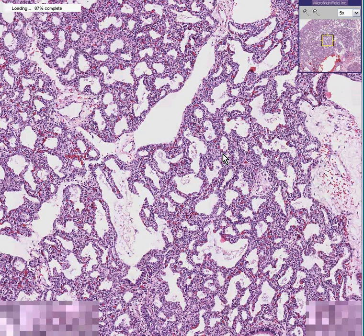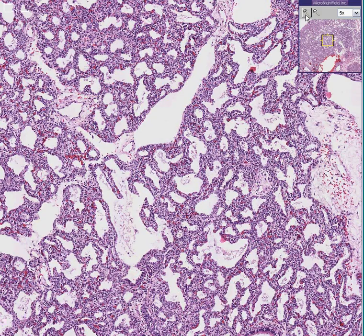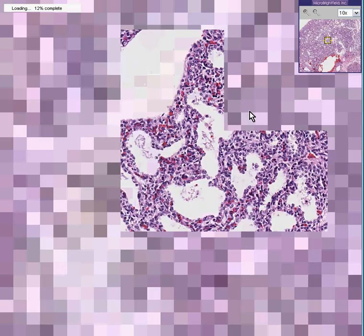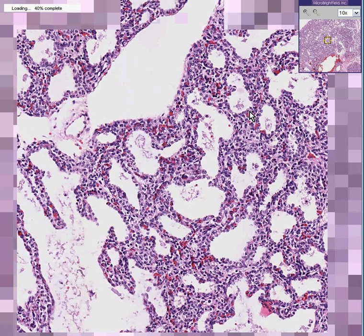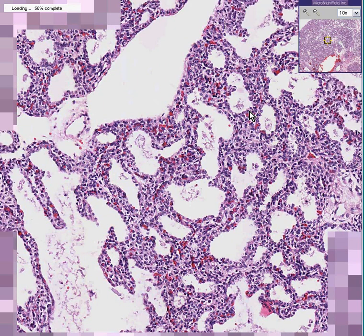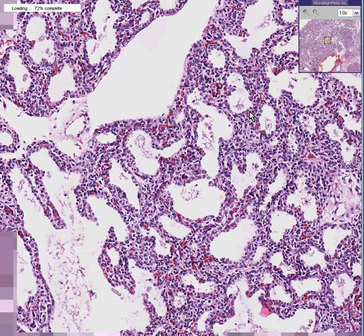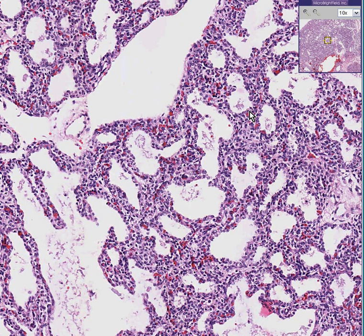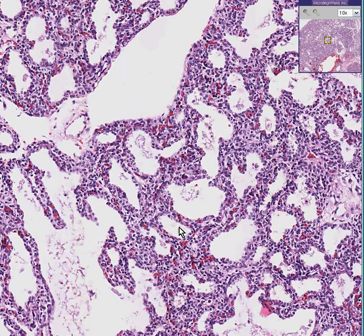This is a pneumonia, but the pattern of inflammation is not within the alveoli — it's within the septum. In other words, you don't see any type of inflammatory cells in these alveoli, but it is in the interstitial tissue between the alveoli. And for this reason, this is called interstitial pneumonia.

....

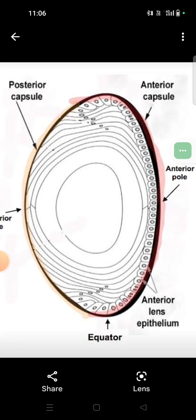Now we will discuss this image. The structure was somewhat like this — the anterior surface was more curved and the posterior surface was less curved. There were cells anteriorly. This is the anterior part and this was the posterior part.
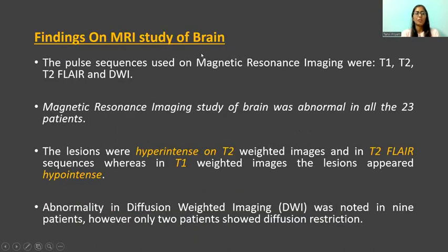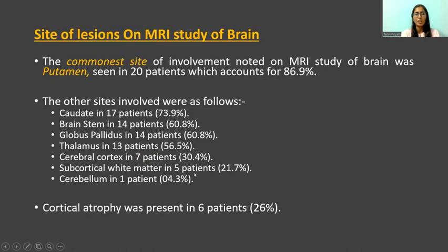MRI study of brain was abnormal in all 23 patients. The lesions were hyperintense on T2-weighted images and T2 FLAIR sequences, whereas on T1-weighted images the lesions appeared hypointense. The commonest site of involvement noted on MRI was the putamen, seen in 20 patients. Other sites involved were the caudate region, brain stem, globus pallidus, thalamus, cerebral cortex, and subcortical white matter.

....

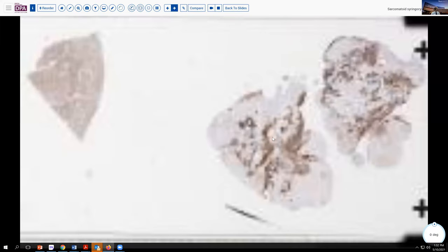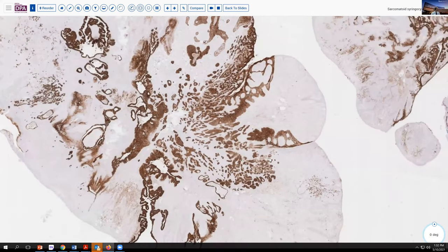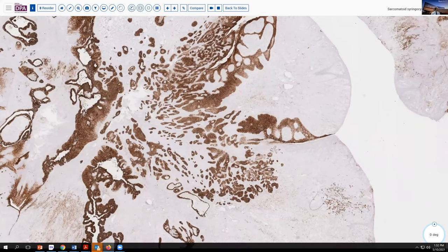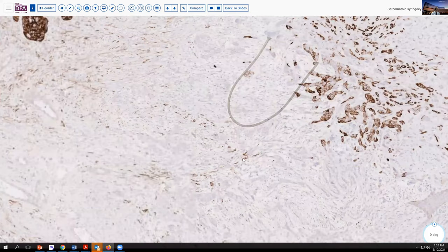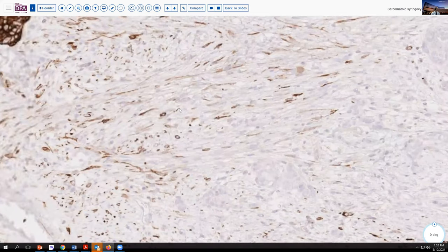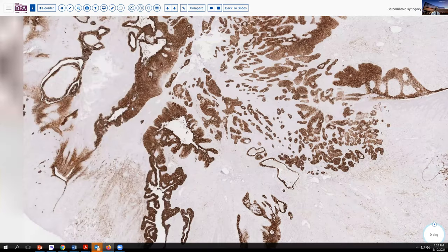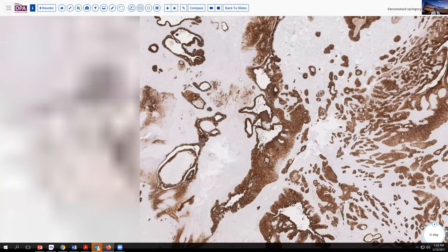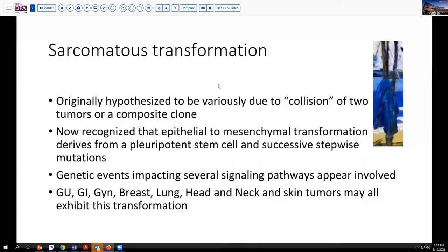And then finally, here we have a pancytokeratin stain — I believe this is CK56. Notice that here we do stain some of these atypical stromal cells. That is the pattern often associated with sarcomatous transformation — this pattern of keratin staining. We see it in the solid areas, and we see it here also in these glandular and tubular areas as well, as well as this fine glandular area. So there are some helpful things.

....

_WHAT TO DO_:
Only one stretch of the data is wanted: write out exactly the lines from the one holding "Now we will" through the one holding "MRI study of", both included, without the pictures.

_EXERCISE RESULT_:
Now we will discuss this image. The structure was somewhat like this — the anterior surface was more curved and the posterior surface was less curved. There were cells anteriorly. This is the anterior part and this was the posterior part.
MRI study of brain was abnormal in all 23 patients. The lesions were hyperintense on T2-weighted images and T2 FLAIR sequences, whereas on T1-weighted images the lesions appeared hypointense. The commonest site of involvement noted on MRI was the putamen, seen in 20 patients. Other sites involved were the caudate region, brain stem, globus pallidus, thalamus, cerebral cortex, and subcortical white matter.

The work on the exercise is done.